Aim of the task
Print the whole listing below exactly, skipping every picture.

=== Source material ===

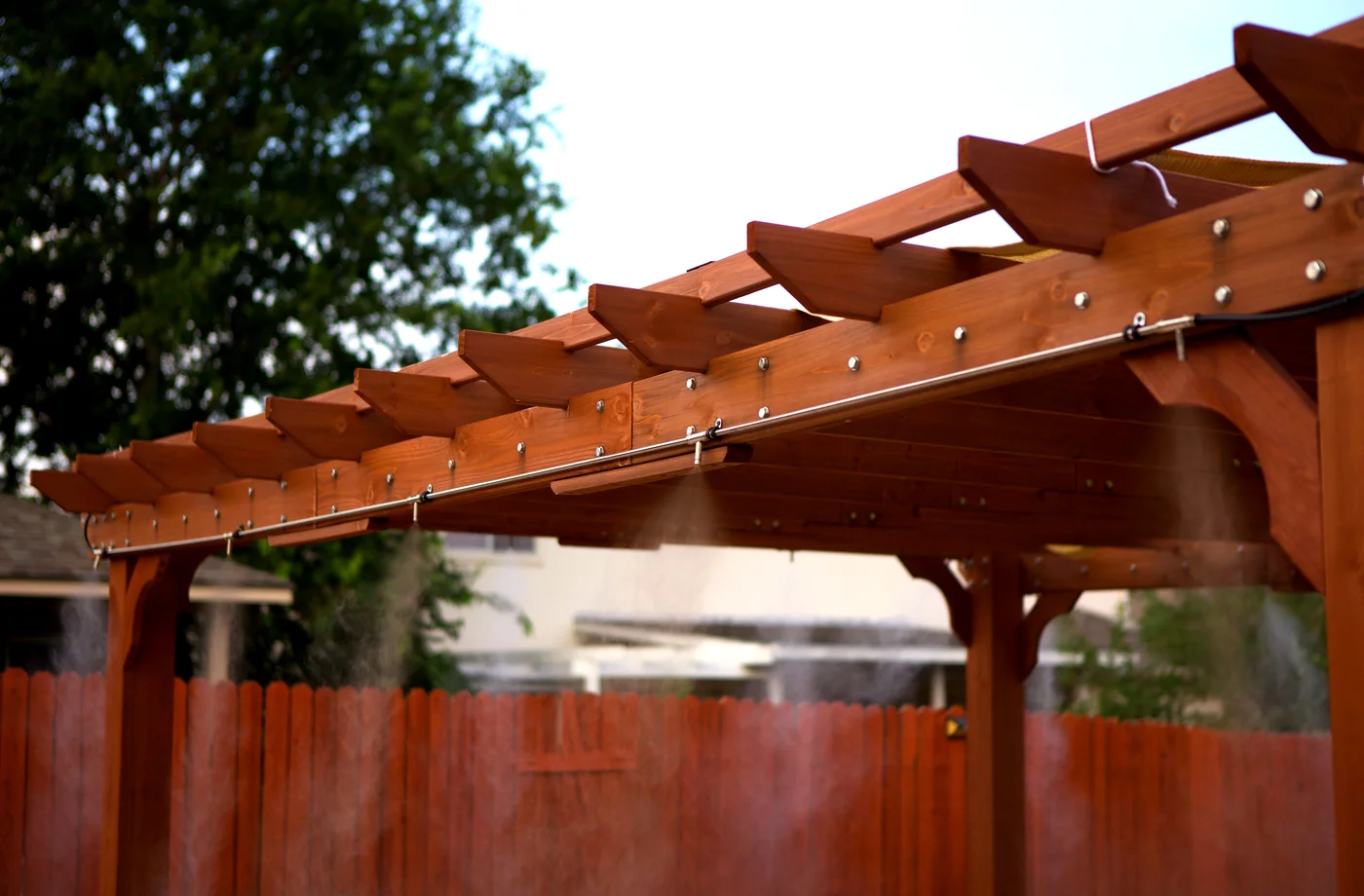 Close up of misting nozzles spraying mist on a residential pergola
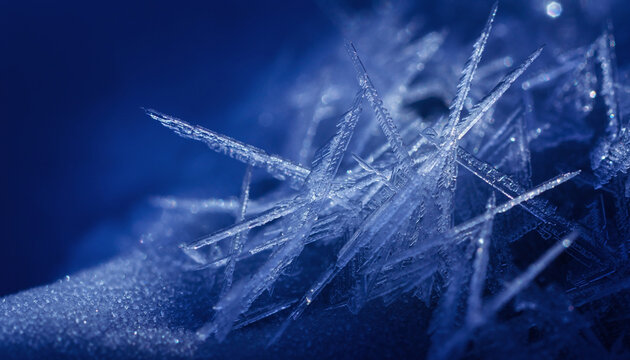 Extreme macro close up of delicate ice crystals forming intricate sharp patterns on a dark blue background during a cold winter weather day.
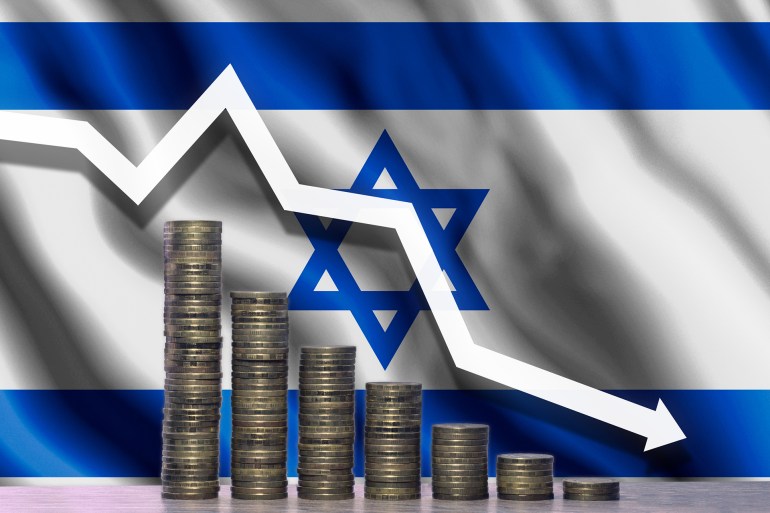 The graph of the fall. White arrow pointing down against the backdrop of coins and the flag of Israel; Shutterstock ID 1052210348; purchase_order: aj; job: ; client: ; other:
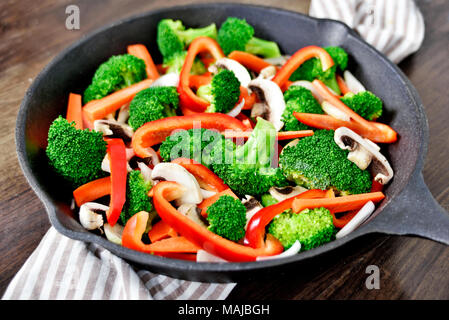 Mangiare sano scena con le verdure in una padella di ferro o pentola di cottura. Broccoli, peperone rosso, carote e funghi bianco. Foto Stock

===

Task response
 Close up of misting nozzles spraying mist on a residential pergola
 Extreme macro close up of delicate ice crystals forming intricate sharp patterns on a dark blue background during a cold winter weather day.
 The graph of the fall. White arrow pointing down against the backdrop of coins and the flag of Israel; Shutterstock ID 1052210348; purchase_order: aj; job: ; client: ; other:
 Mangiare sano scena con le verdure in una padella di ferro o pentola di cottura. Broccoli, peperone rosso, carote e funghi bianco. Foto Stock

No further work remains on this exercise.